• _Task objective_
In the entries below, find the line with "1770 บีชไซด์ วายเอชเอ" and the line with "FungiErase™". Return those two lines and all lines between them, exactly.

• _Supplied data_
=-=-=-=-=

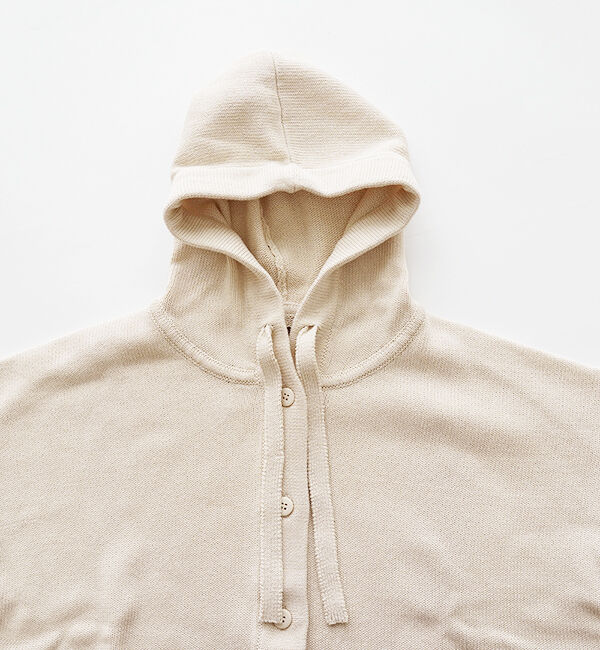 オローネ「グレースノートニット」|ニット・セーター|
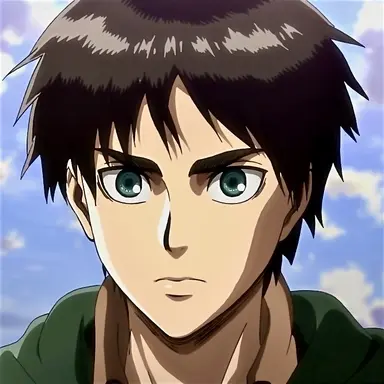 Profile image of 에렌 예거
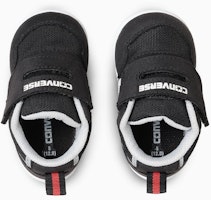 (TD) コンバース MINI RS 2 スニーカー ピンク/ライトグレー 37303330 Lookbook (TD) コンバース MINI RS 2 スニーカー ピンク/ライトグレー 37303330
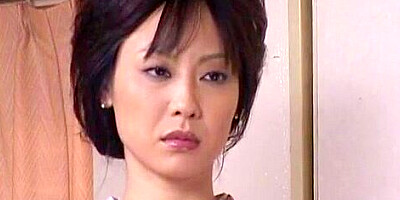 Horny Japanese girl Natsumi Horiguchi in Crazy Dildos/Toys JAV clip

=-=-=-=-=

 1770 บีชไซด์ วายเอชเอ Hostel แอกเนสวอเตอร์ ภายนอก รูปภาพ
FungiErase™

=-=-=-=-=

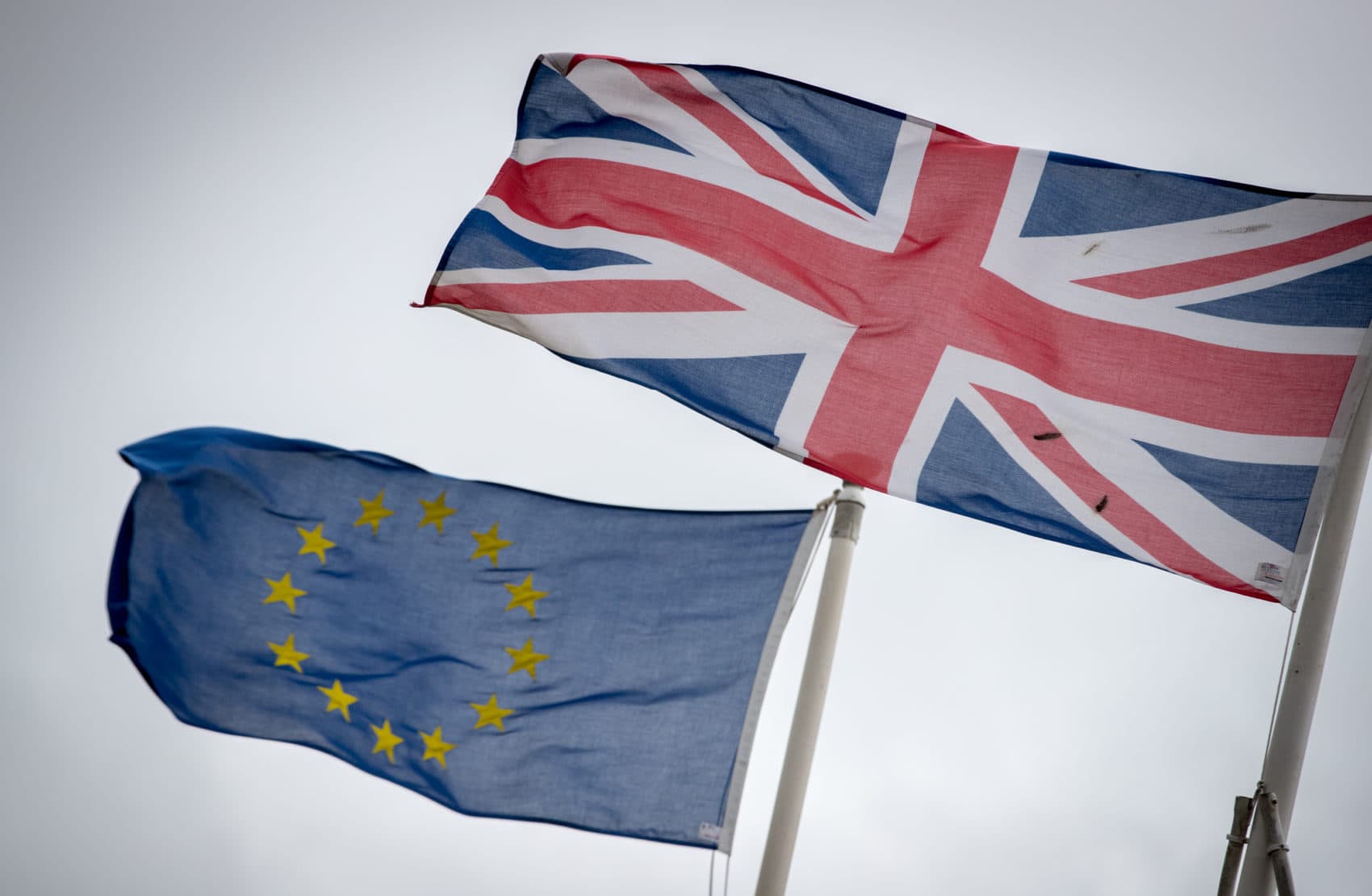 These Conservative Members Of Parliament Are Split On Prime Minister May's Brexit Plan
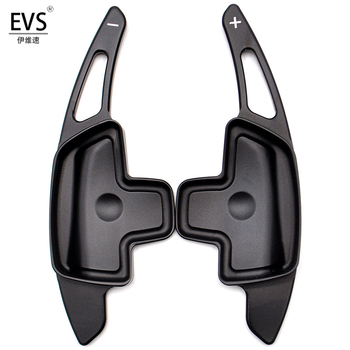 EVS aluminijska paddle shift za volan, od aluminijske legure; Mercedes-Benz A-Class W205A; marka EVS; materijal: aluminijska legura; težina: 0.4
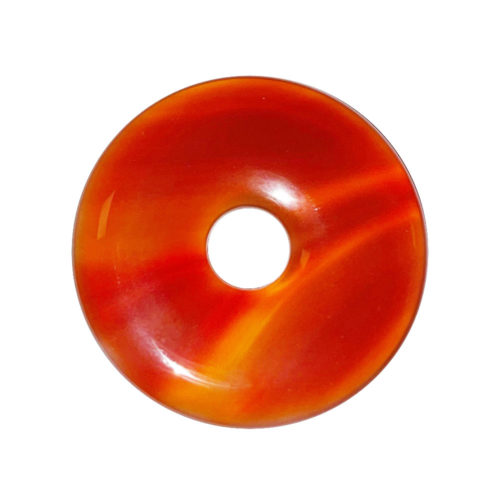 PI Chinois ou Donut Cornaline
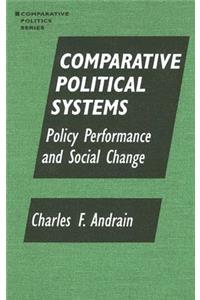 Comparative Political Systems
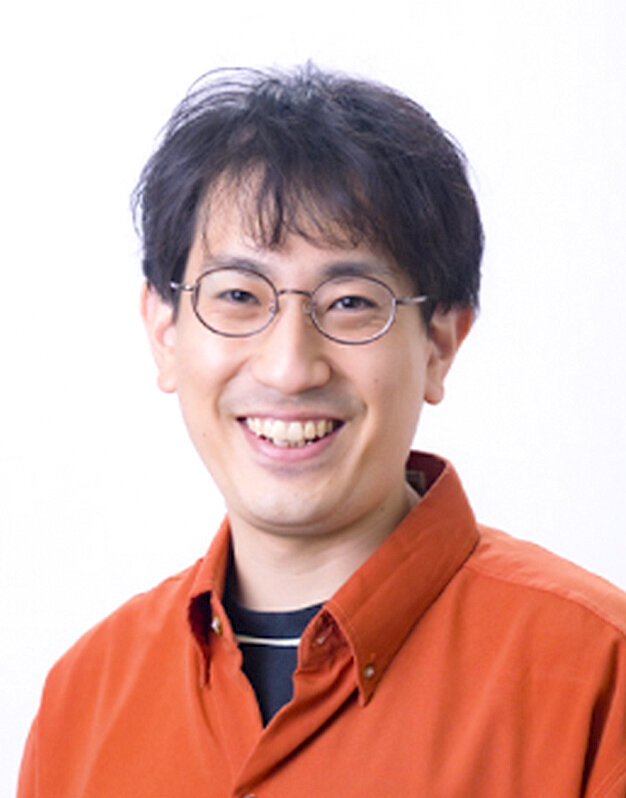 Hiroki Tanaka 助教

=-=-=-=-=

• _Exercise output_
 1770 บีชไซด์ วายเอชเอ Hostel แอกเนสวอเตอร์ ภายนอก รูปภาพ
FungiErase™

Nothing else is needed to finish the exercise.